Духовный порядок и духовный вакуум
Через два года после окончания Первой мировой войны я начал изучать, довольно несвязно, историю искусств и философию в университете Вены. Я не чувствовал тяги к этим предметам. Тихая академическая карьера не привлекала меня. Я ощущал стремление к более тесному соприкосновению с жизнью, я хотел войти в контакт с ней без тех тщательно продуманных, искусственных барьеров, которые люди, озабоченные своим спокойствием, любят выстраивать вокруг себя; я также желал самостоятельно найти подход к пониманию духовного порядка вещей, который, и я это знал, должен был существовать, но который я не мог пока различить.
Довольно сложно объяснить, даже имея в своем обиходе зрелый лексикон, что я имел в виду тогда под «духовным порядком»; мне не приходило на ум представить проблему в известных религиозных терминах или, по правде говоря, в каких-либо других точных терминах. Моя неопределенность, если быть честным с самим собой, не происходила от меня. Это была неопределенность всего поколения.

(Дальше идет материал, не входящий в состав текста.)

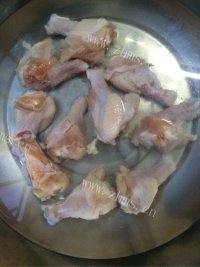 美味的香酥鸡翅根做法图解1)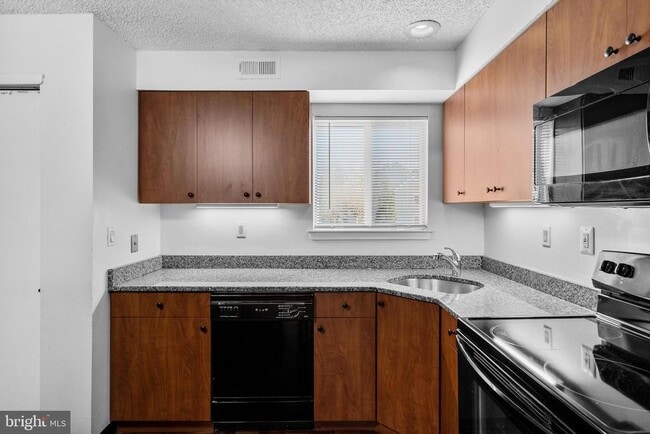 Building Photo - 835 Chanticleer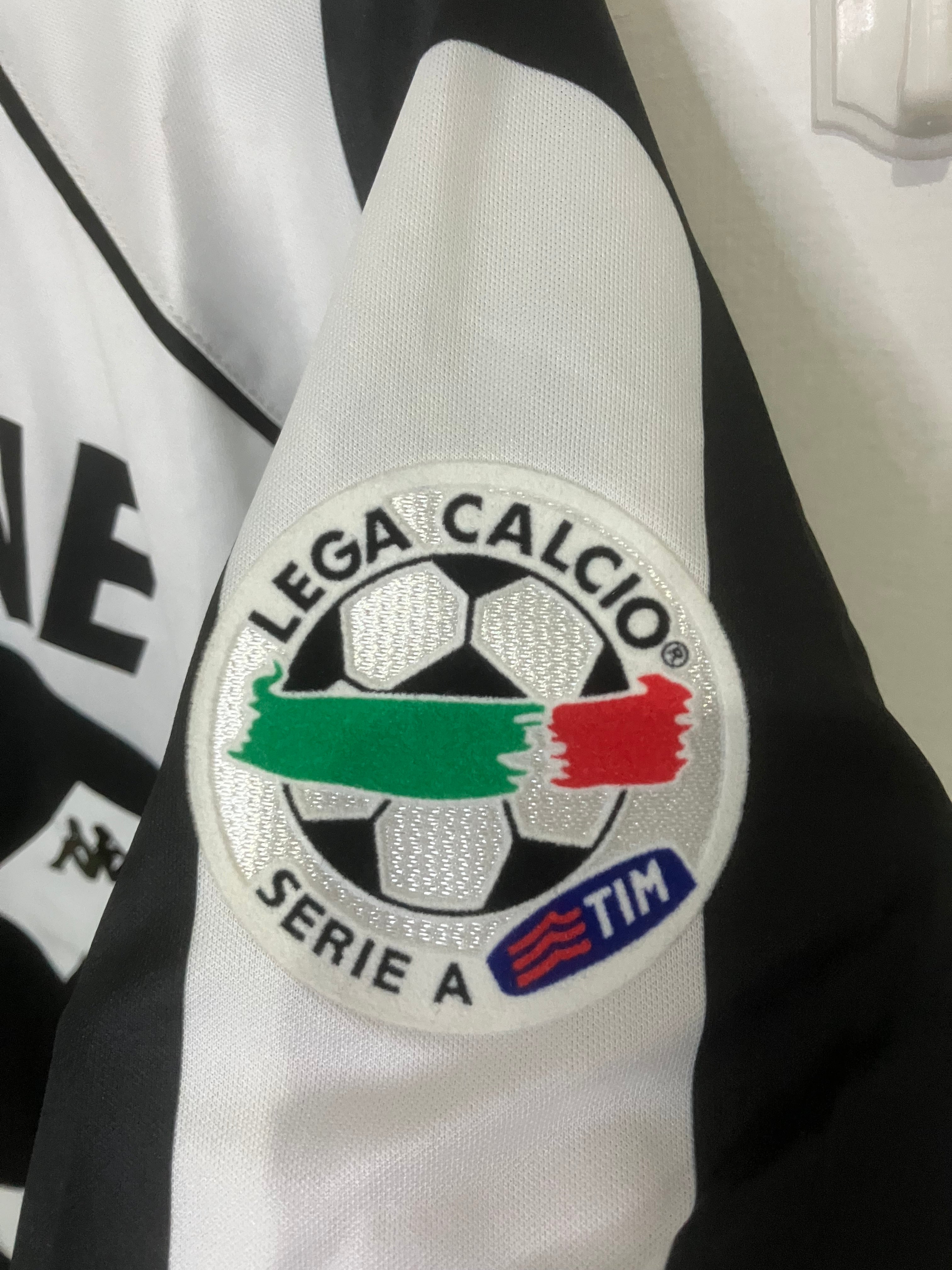 👑 La Elegancia del Rey – Juventus Retro 1997/98 - Zinedine Zidane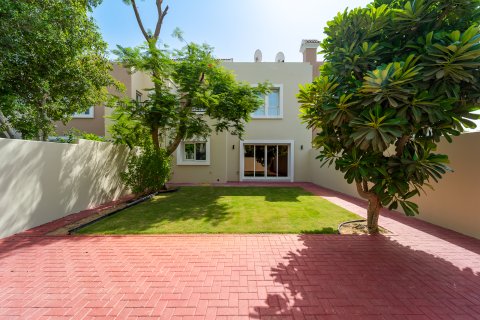 Villa in Dubai, VAE: 3 Schlafzimmer, 236 m2 Nr. 696076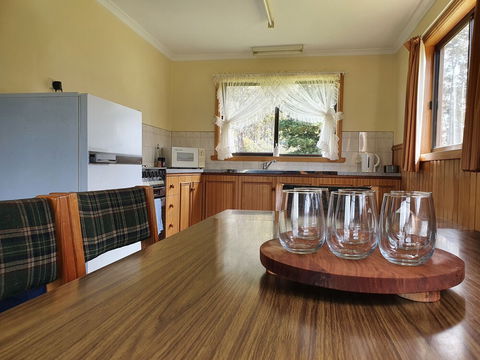 Lake Yalleena Nature Retreat - Dalby Accommodation 6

Первые десятилетия двадцатого столетия шли под знаменем духовного вакуума. Все ценностные нормы, к которым привыкла Европа за многие столетия до этого, стали бесформенными под ужасным влиянием того, что произошло между 1914 и 1918 годами, а новых ценностей ниоткуда не предвиделось. Чувство хрупкости и ненадежности витало в воздухе — предчувствие социальных и интеллектуальных переворотов, которое вселяло сомнение в возможность обретения, когда-либо снова, стабильности в человеческих устремлениях и изысканиях мысли. Все, казалось, плыло в бесформенном потоке, духовное беспокойство молодежи не находило нигде опоры. В отсутствие какого-либо заслуживающего доверия стандарта морали никто не мог дать нам, молодым людям, удовлетворительных ответов на волнующие нас вопросы. Наука говорила: «Познание — все» — и забывала, что познание без этической цели может привести только к хаосу. Социальные реформаторы, революционеры, коммунисты, каждый из которых хотел, без сомнения, построить новый счастливый мир, думали лишь в терминах внешних, социальных и экономических, условий, и для того, чтобы восполнить этот недостаток, они возвели свою «материалистическую концепцию истории» в ранг своего рода новой, антиметафизической метафизики. Традиционно религиозные люди, с другой стороны, не знали ничего, кроме приписывания Богу качеств, выведенных с помощью собственных мыслительных шаблонов, которые уже давно стали чем-то неподатливым и бессмысленным. И когда мы, молодые люди, видели, что эти якобы божественные качества часто были в явном противоречии с тем, что происходило в мире вокруг нас, мы говорили себе: «Движущая сила судьбы, очевидно, отлична от качеств, приписываемых Богу; следовательно, Бога нет». И только весьма малому числу из нас приходило на ум то, что причина этой путаницы, возможно, лежала в произволе лицемерных защитников веры, которые оставляли за собой право «определять» Бога и, облекая Его в свои собственные одежды, отделяли Его от человека и его судьбы.
В отдельно взятом человеке эта этическая нестабильность могла привести либо к полному хаосу моральных ценностей и цинизму, либо к поиску собственного творческого пути к тому, что можно назвать хорошей жизнью.